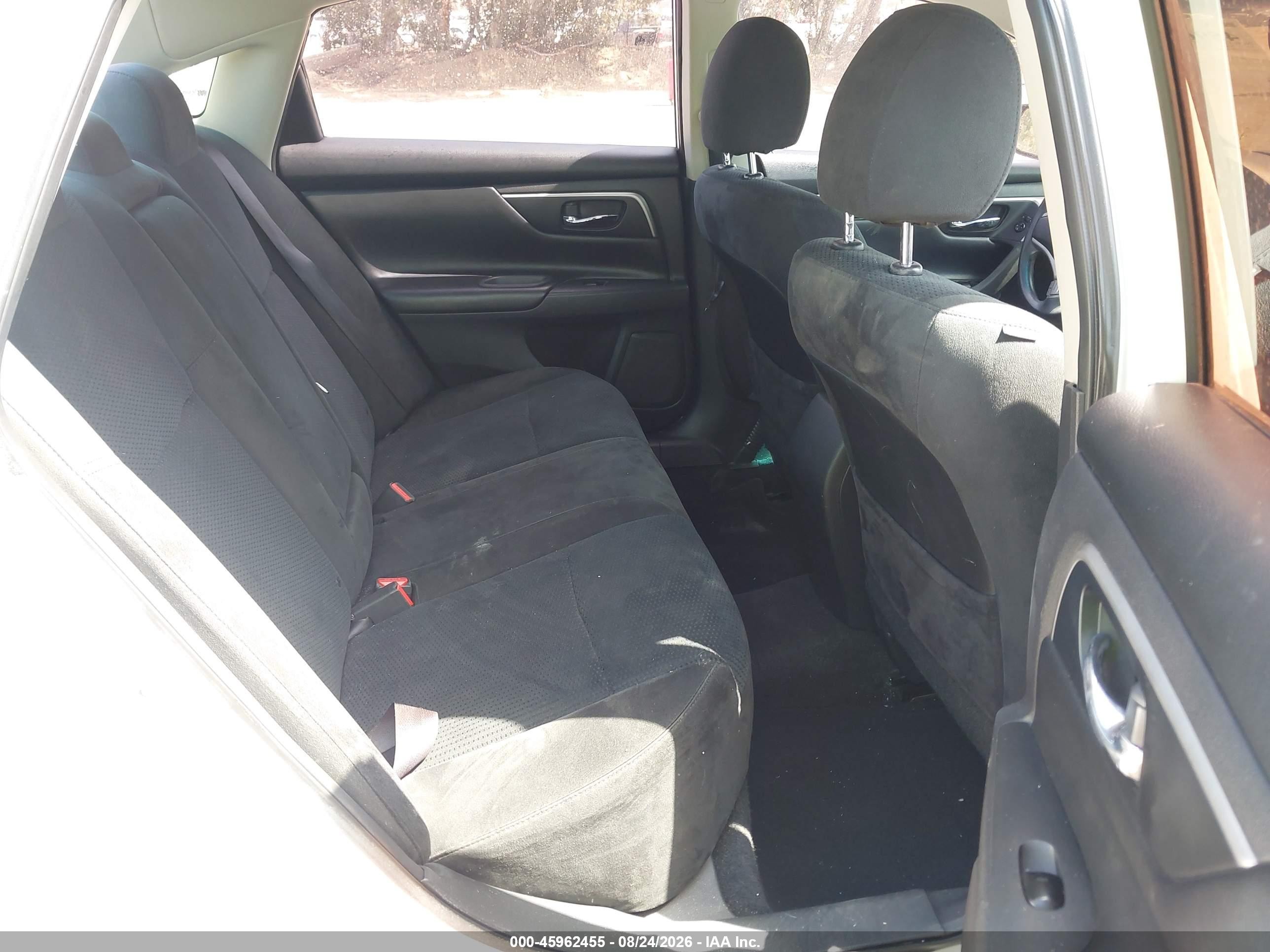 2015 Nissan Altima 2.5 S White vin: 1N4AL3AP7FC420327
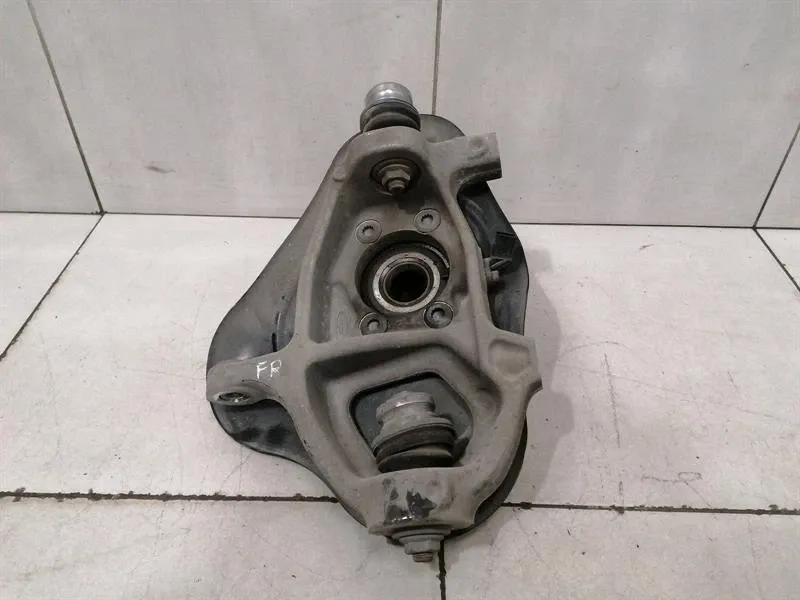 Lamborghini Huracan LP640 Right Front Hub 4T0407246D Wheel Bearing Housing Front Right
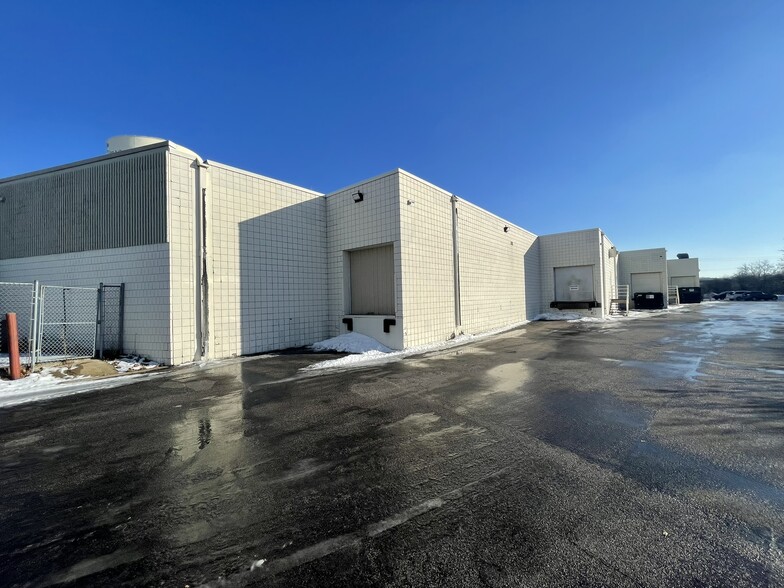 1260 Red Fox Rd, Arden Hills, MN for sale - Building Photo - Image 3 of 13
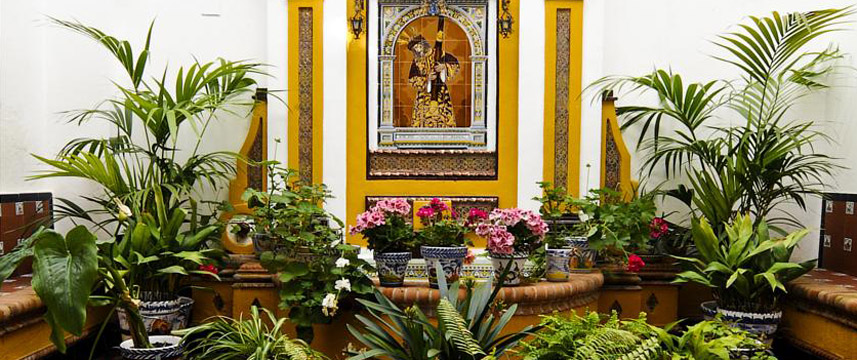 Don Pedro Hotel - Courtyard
········
## TRY IT
The answer must consist solely of the lines from the one with "1260 Red Fox" through the final line of the data, each reproduced exactly and with pictures omitted.

## ANSWER
 1260 Red Fox Rd, Arden Hills, MN for sale - Building Photo - Image 3 of 13
 Don Pedro Hotel - Courtyard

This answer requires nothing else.